WACHEN Rabbi Jeschaja Hurwitz (1560– 1630), einer der großen Toragelehrten seiner Zeit, übersetzt den ersten Vers der Parascha wortwörtlich, wo es auf Hebräisch heißt »bechol schearecha«. Während dies üblicherweise mit »in allen euren Städten« übertragen wird, schreibt er »in all deinen Toren«. Rabbiner Hurwitz meint damit, dass diejenigen, die danach streben, gerecht zu sein, symbolisch gesprochen Wächter an den Toren ihrer Seelen aufstellen müssen, die ihre Münder bewachen, damit sie nicht lügen oder üble Nachrede verbreiten; und an den Ohren, damit sie sich nicht begierig üble Nachrede anhören; und an den Augen, damit sie sich nicht daran gewöhnen, im anderen nur das Schlechte zu sehen.

Verschiedene Kommentatoren weisen auch darauf hin, dass der hebräische Begriff »tirdof«, also »verfolgen«, »nachjagen« (in 5. Buch Mose 16,20 »Gerechtigkeit, Gerechtigkeit, sollst du verfolgen«), Mühe und Eifer impliziert. Es genügt also nicht, Gerechtigkeit einfach zu respektieren oder zu befolgen, sondern sie muss aktiv vorangetrieben werden.

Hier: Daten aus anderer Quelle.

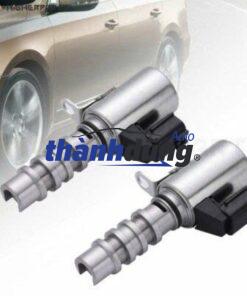 VAN ĐẦU CAM VVT-i  NISSAN QASHQAI 2008-2013 | 2379600Q0C - Ảnh 4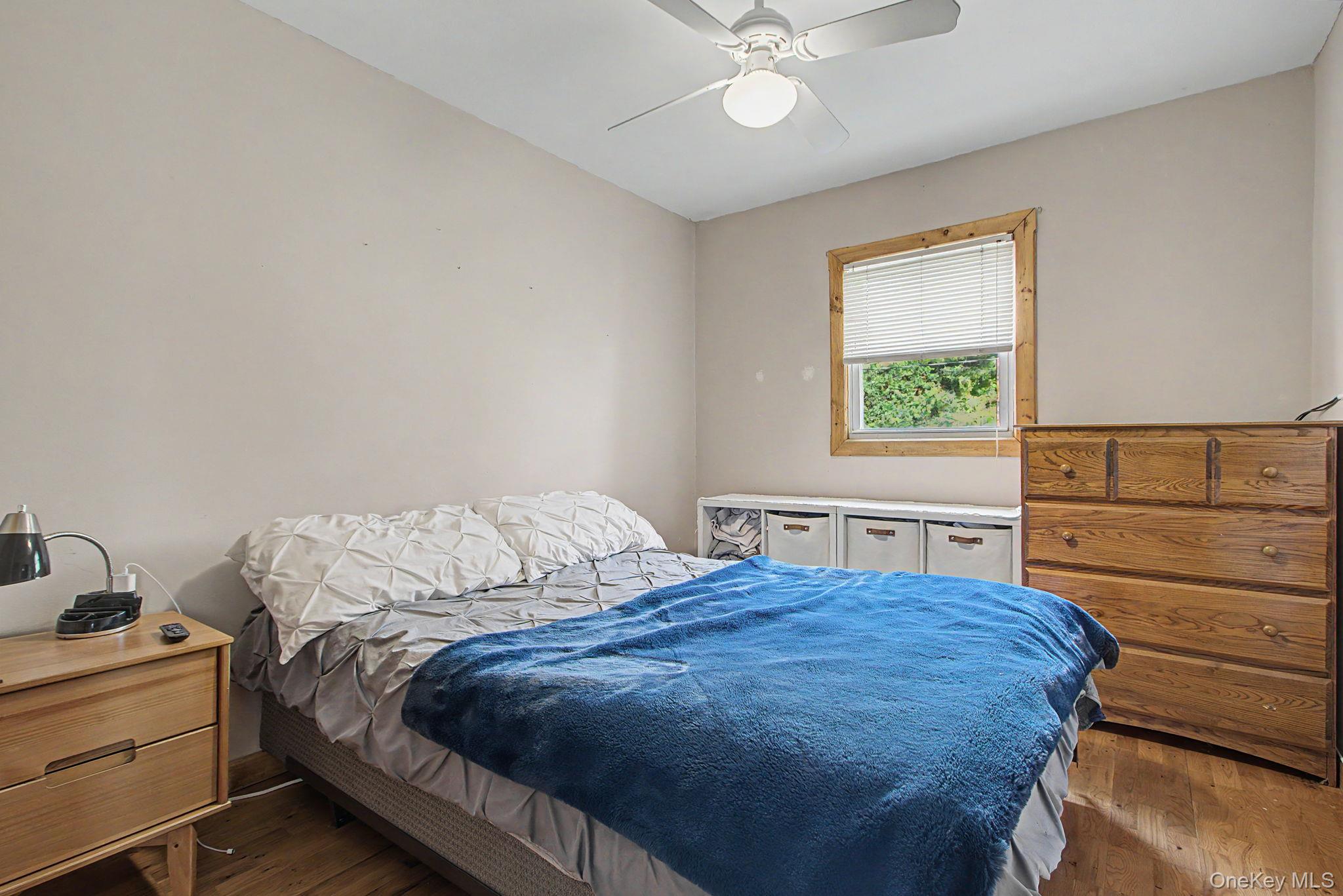 3410 Lorelei Drive – For Sale photo 21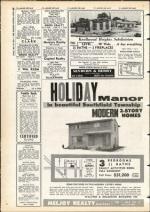 image of May 24, 1957 - number 30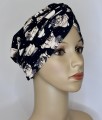 Bawełniany_turban_z_węzłem_wielokolorowy_ANIMALS_5.jpg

Rabbiner Simcha Bunem von Przysucha (1765–1827), ein chassidischer Wanderprediger in Polen, ist der Ansicht, dieser Vers lehre uns, dass die Gesellschaft auf gerechte Art und Weise zu Gerechtigkeit kommen muss. Man darf keine ungerechten Mittel anwenden, um ein gerechtes Ziel zu erreichen.
Königreich Alle Vorschriften, die hier erwähnt werden – und ganz grundsätzlich alle Ge- und Verbote im Judentum –, haben das Ziel, das jüdische Volk seiner Bestimmung näherzubringen, ein »Königreich von Priestern« zu sein, also näher an G’tt zu sein, indem die Menschen das Richtige tun, also richtig handeln. Da niemand über G’tt steht (oder nicht einmal ansatzweise gleichwertig ist), muss jeder diese Regeln einhalten, egal, welchen Hintergrund er hat.

VERFASSUNG Das macht das Judentum zu einer sehr modernen und demokratischen Religion, da jeder gleich ist vor G’tt und die Tora wie die Verfassung eines modernen Staates funktioniert, mit verschiedenen Rechten und Pflichten für alle.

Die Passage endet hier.